I was playing around with Brain for a dataset at work, and I noticed that when I provided a roi_field (the detection labels) for a method that relies on clustering, I got this error.

fob.compute_representativeness(dataset, roi_field="ground_truth")
ValueError: Expected 2D array, got 1D array instead:
array=[0.06107287 0.06011039 0.06012045 0.05879862 0.05759485 0.05654685
0.05719245 0.0446697  0.04646276 0.04628405 0.04667709 0.04758289
0.04678112 0.04675514 0.04684635 0.04685971 0.04689653 0.04614001
0.04592452 0.04747253 0.04706833 0.04716367 0.04662085 0.04660043
0.04788357 0.03245687 0.04705974 0.04701892 0.04882907 0.05358888
0.05417315 0.05604687 0.05566651 0.04973941 0.04815942 0.04763582
0.04768014 0.0472154  0.04717452 0.04974527 0.04951364 0.04999169
0.04736153 0.04292721 0.03433677 0.03456343 0.04151432 0.03937531
0.04073388 0.04284388].
Reshape your data either using array.reshape(-1, 1) if your data has a single feature or array.reshape(1, -1) if it contains a single sample.
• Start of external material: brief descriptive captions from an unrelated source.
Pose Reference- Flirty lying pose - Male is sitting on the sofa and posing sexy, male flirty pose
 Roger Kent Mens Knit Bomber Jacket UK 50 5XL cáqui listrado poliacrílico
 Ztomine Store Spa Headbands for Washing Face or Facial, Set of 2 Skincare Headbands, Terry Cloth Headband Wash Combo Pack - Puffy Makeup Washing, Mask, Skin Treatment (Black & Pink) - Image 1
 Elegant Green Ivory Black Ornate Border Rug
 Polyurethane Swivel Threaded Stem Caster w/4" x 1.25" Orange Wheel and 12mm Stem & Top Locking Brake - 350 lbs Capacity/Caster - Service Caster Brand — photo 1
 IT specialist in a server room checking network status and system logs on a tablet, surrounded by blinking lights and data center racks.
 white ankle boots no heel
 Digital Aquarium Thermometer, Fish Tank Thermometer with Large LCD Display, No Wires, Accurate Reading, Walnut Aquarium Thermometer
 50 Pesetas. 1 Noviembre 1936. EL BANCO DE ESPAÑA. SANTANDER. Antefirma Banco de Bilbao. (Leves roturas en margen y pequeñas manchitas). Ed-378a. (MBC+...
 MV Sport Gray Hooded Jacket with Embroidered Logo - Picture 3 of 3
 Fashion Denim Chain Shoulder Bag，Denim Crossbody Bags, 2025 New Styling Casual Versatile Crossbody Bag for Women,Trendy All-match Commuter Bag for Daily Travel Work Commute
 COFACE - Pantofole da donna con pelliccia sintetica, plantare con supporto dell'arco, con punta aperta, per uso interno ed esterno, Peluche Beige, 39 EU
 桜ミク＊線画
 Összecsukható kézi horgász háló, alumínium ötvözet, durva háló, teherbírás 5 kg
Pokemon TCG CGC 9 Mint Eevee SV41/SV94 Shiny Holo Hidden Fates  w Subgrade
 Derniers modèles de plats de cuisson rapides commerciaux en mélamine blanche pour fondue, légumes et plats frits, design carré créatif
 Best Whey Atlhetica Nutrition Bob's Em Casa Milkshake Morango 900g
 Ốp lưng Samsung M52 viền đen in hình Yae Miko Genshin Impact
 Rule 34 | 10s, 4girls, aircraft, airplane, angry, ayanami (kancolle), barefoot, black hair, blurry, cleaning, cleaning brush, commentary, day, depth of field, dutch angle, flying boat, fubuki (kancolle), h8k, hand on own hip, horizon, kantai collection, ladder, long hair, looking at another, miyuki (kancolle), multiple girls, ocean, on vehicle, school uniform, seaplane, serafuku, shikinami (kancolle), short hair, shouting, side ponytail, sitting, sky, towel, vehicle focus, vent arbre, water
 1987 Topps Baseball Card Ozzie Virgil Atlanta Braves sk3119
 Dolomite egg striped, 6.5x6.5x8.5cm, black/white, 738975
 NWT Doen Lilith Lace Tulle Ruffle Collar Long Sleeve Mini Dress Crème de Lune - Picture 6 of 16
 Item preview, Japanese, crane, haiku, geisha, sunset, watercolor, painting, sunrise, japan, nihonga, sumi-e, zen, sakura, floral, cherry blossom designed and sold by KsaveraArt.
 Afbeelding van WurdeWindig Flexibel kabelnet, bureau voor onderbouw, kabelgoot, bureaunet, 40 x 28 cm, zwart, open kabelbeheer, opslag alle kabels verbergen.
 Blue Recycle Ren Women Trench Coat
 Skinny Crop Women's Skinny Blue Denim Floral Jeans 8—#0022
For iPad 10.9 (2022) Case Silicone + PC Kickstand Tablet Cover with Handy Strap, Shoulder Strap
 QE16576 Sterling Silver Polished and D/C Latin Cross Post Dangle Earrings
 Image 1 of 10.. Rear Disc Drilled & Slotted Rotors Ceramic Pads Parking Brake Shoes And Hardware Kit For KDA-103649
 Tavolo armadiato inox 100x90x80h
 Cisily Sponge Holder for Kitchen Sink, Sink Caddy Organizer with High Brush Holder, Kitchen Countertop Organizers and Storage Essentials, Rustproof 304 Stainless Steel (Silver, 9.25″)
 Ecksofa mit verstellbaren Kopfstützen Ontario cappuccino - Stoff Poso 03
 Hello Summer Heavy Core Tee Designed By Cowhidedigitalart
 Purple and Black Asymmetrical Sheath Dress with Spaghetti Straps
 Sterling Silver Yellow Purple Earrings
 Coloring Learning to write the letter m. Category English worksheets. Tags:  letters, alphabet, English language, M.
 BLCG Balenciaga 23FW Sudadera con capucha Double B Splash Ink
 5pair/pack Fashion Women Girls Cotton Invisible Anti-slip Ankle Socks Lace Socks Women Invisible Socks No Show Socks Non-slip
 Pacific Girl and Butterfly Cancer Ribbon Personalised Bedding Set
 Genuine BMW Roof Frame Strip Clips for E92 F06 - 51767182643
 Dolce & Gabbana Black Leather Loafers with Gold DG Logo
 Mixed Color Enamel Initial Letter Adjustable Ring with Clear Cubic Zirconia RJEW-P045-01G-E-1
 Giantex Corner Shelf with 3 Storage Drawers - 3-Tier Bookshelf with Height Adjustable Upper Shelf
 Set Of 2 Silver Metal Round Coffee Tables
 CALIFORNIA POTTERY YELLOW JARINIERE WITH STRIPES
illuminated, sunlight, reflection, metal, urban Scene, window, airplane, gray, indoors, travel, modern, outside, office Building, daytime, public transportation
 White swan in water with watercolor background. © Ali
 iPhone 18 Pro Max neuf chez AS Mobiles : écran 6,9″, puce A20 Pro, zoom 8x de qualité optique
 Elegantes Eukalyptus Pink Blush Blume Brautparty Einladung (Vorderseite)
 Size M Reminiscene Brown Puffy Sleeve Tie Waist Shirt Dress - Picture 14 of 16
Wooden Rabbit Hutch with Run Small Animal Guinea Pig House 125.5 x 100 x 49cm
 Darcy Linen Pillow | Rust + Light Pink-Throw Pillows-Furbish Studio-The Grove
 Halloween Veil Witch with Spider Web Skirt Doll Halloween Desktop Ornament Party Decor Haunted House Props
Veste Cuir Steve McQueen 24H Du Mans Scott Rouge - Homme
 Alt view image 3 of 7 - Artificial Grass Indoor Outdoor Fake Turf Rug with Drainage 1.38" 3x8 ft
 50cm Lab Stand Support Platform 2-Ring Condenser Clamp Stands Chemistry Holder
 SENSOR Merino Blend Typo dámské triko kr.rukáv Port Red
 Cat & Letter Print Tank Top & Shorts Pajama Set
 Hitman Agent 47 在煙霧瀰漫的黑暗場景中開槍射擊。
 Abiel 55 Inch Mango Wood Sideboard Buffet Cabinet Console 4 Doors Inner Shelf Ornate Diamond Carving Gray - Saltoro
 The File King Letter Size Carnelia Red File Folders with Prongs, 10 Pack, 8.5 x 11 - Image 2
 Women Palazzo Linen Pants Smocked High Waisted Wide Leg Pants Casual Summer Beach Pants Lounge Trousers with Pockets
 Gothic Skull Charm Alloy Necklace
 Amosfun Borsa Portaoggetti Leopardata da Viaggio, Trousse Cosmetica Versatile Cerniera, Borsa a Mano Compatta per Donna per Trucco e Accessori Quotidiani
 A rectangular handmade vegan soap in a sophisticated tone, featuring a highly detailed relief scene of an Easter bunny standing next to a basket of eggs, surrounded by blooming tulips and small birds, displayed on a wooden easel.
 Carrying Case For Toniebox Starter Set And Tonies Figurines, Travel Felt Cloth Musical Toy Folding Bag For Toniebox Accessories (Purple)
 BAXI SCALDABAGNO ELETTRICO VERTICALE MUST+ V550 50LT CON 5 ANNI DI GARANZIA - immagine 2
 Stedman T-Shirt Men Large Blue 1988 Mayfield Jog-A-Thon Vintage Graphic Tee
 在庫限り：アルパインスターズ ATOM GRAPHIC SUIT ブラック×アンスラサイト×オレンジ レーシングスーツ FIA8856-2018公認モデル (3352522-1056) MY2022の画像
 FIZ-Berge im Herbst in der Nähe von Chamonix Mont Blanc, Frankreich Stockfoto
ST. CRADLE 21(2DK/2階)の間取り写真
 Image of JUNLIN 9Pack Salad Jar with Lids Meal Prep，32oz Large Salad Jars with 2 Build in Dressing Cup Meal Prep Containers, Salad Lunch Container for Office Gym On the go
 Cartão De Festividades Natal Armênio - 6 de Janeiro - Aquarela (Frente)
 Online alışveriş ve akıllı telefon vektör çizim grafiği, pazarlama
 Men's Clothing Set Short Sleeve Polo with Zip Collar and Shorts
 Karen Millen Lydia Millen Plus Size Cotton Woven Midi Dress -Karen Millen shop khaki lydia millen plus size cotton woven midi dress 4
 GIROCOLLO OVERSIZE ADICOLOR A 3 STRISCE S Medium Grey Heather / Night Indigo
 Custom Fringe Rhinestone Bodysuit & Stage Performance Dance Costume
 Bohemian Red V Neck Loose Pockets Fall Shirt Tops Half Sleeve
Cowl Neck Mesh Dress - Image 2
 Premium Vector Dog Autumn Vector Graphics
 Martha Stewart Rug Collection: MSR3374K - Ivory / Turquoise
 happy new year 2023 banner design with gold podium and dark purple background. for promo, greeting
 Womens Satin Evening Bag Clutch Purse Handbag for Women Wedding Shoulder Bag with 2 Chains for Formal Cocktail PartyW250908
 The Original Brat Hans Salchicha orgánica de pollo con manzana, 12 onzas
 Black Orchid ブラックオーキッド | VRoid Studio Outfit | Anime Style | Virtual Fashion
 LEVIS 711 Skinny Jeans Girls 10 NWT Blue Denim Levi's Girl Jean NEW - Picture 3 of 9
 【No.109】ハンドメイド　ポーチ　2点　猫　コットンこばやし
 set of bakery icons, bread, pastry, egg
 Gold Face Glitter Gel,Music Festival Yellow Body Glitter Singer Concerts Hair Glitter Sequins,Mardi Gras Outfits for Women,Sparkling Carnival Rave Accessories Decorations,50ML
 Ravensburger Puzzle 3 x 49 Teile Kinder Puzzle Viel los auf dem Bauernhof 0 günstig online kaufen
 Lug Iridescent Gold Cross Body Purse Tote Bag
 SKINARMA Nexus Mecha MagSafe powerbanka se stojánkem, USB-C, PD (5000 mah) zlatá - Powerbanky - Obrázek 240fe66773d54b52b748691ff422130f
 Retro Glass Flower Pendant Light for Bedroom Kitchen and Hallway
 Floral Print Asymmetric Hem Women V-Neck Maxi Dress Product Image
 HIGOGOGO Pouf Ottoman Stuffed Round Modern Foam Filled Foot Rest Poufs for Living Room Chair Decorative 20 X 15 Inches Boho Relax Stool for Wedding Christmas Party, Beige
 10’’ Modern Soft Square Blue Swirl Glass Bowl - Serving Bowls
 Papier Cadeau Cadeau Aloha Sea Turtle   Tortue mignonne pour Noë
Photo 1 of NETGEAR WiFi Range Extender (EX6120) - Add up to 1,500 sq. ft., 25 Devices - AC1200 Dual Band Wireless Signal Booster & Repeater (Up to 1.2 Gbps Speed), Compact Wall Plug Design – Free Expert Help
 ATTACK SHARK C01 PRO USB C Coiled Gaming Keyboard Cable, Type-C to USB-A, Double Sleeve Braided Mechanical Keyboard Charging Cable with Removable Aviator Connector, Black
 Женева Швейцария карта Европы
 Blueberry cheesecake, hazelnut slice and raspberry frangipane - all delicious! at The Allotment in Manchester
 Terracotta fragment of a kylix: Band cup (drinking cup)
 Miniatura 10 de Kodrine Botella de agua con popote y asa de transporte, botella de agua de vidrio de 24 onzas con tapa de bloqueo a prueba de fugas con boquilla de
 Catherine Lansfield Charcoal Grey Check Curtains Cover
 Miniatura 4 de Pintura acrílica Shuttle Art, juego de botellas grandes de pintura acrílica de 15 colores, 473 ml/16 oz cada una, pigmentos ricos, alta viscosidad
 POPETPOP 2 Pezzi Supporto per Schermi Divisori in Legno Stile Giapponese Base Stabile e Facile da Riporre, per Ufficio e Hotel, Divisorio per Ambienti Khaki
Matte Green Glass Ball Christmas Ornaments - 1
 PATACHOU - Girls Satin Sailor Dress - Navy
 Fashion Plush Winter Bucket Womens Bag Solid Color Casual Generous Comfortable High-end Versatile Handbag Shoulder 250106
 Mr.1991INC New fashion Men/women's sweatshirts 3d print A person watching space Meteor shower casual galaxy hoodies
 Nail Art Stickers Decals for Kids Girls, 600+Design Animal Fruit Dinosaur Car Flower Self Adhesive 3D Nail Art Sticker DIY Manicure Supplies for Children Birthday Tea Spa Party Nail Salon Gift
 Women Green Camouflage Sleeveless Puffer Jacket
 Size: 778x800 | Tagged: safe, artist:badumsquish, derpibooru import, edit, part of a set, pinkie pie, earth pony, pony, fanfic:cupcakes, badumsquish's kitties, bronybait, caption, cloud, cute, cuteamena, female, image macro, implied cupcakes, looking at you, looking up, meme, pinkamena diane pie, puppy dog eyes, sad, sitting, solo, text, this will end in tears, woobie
This is computed for a slice of 50 dataset samples, so we're in the first case of the error.

I also noticed this for uniqueness with the brain version we use (0.16), but by cloning the latest locally, I see that uniqueness no longer works the same way, so I did not test it. Possibly other methods that rely on clustering as well.

I can't provide the dataset and did not test this on a zoo dataset.

I will leave this as a draft until I know better, but you can let me know if you'd rather have this as an issue.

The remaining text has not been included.